For each meeting, this group selects a secluded destination where they embark on a full immersion into nature, exploring local vegetable products and customs to discover new sensorial experiences for the palate. The first of these sessions was held in a location surrounded by green pastures in the outskirts of Copenhagen. This was followed by Collio in northern Italy, and then Finland’s arctic Lapland region.

The latest episode of Cook it Raw took place in Japan’s Ishikawa region, an area with magnificent landscapes where the coastline meets the mountains and where there are some of the most beautiful gardens in Japan. This region is home to farmers, fishermen, and craftspeople, all of whom live close to traditional ways of life, in harmony with the environment around them. This is where 15 of the world's top chefs unleashed their creative powers.

As on previous occasions, the chefs set themselves the task of understanding the new environment, learning about local traditions from the inhabitants, and in particular their local cuisine.
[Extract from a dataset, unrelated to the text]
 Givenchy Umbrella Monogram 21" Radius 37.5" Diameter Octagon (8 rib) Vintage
Once the chefs explored and absorbed all this information, they used it to prepare a dish expressing their experience in the area and its people.
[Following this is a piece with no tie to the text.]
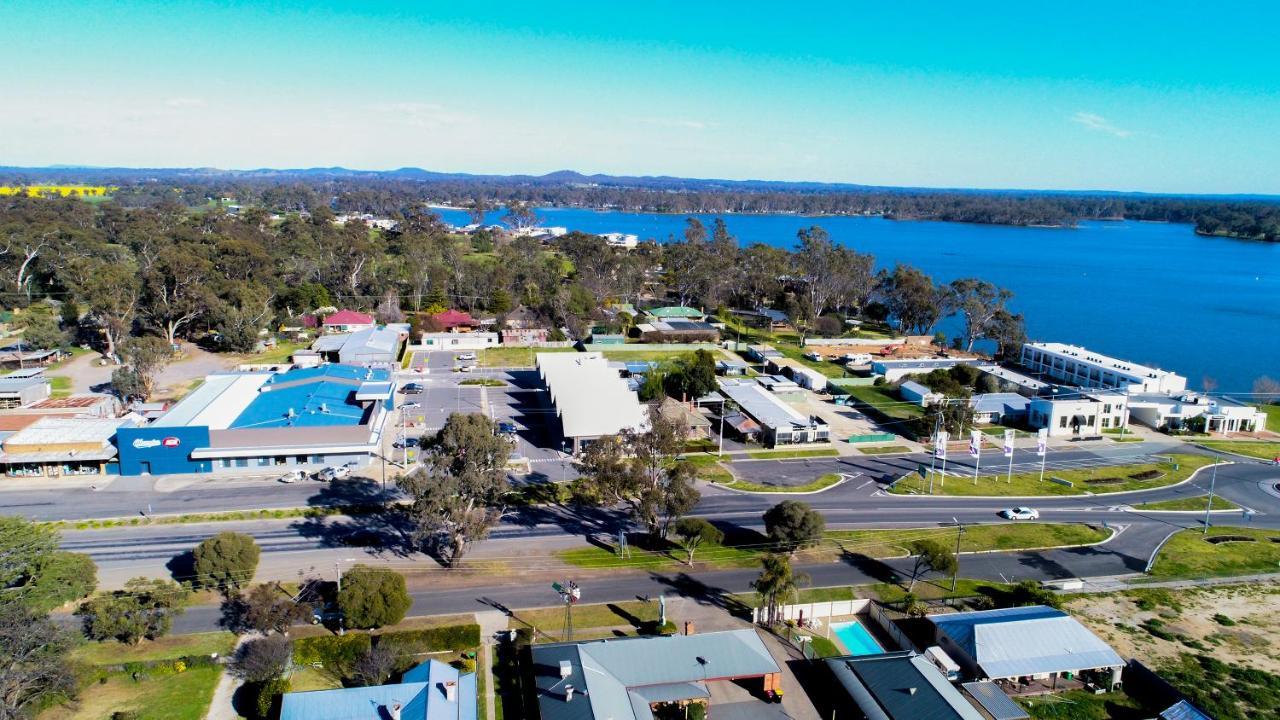 Centre Town Motel Nagambie Kültér fotó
On the final evening, all the chefs presented their recipes. The dishes included Albert Adría’s ‘Frustrated Mackerel,’ Ben Shewry’s ‘Dry your eyes sweetheart’ with wasabi flowers, chrysanthemums and prawns, and ‘Saké Saké’ by Rene Redzepi, which fascinated all those present. In fact he prepared an ice cream using the traditional Japanese beverage. The locals loved it, because it was a unique re-interpretation of a familiar flavour.